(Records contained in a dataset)
::::::::::

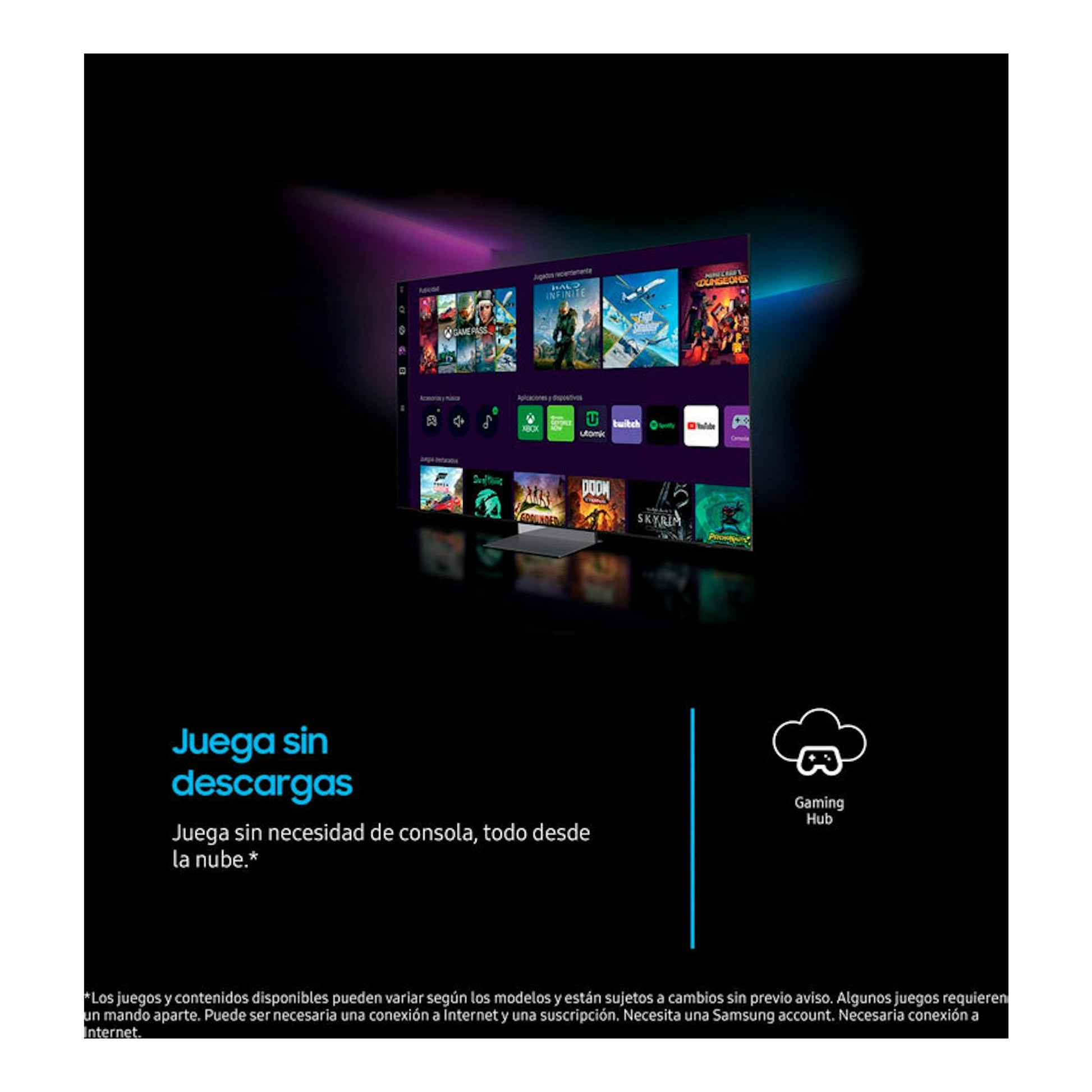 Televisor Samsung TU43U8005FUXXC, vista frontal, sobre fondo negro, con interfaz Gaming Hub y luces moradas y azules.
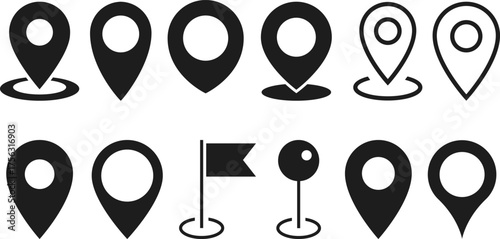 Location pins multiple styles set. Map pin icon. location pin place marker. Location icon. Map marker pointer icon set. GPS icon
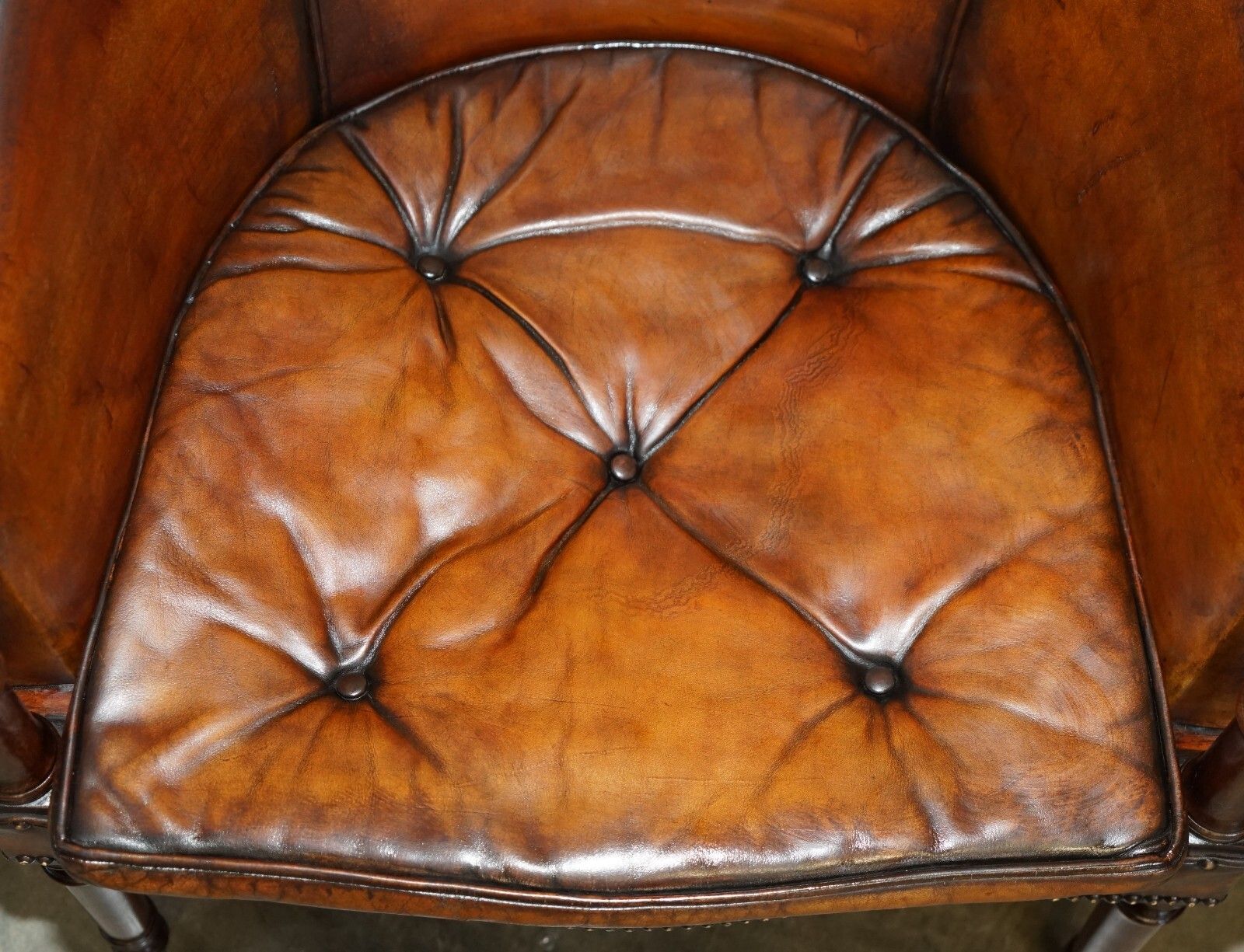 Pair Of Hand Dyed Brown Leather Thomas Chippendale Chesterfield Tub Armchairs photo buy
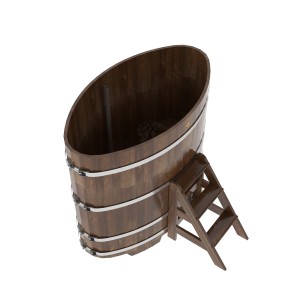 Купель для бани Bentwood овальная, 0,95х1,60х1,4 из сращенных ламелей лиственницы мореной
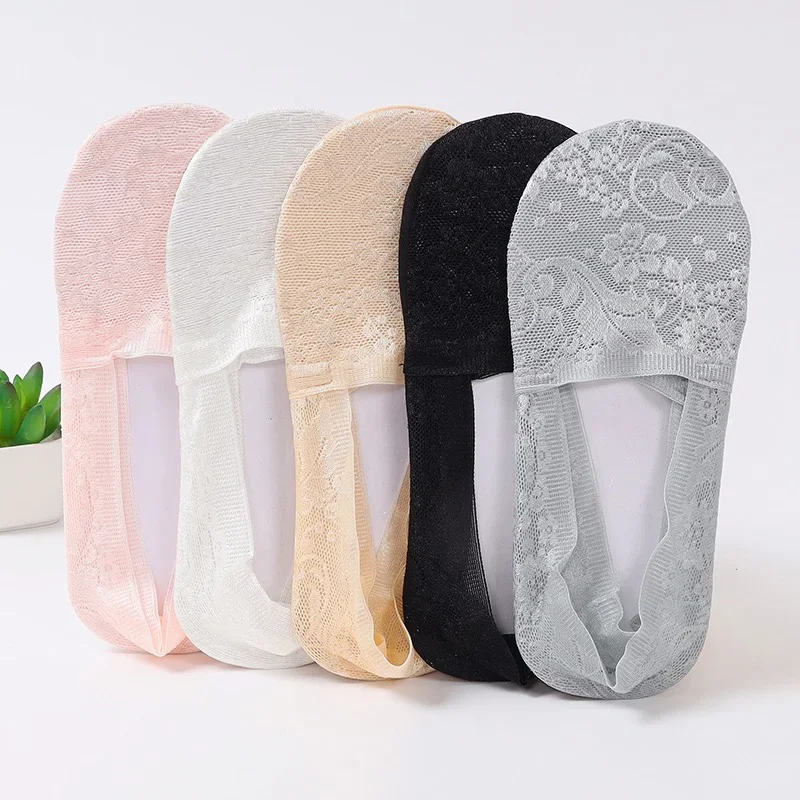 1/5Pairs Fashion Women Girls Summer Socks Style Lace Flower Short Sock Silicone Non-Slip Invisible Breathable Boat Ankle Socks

::::::::::

» **EXERCISE AIM**
Set down exactly, from the line that contains "Location pins multiple" through the last line of the data, each line as it stands, and leave the pictures out.

» **TASK OUTPUT**
 Location pins multiple styles set. Map pin icon. location pin place marker. Location icon. Map marker pointer icon set. GPS icon
 Pair Of Hand Dyed Brown Leather Thomas Chippendale Chesterfield Tub Armchairs photo buy
 Купель для бани Bentwood овальная, 0,95х1,60х1,4 из сращенных ламелей лиственницы мореной
 1/5Pairs Fashion Women Girls Summer Socks Style Lace Flower Short Sock Silicone Non-Slip Invisible Breathable Boat Ankle Socks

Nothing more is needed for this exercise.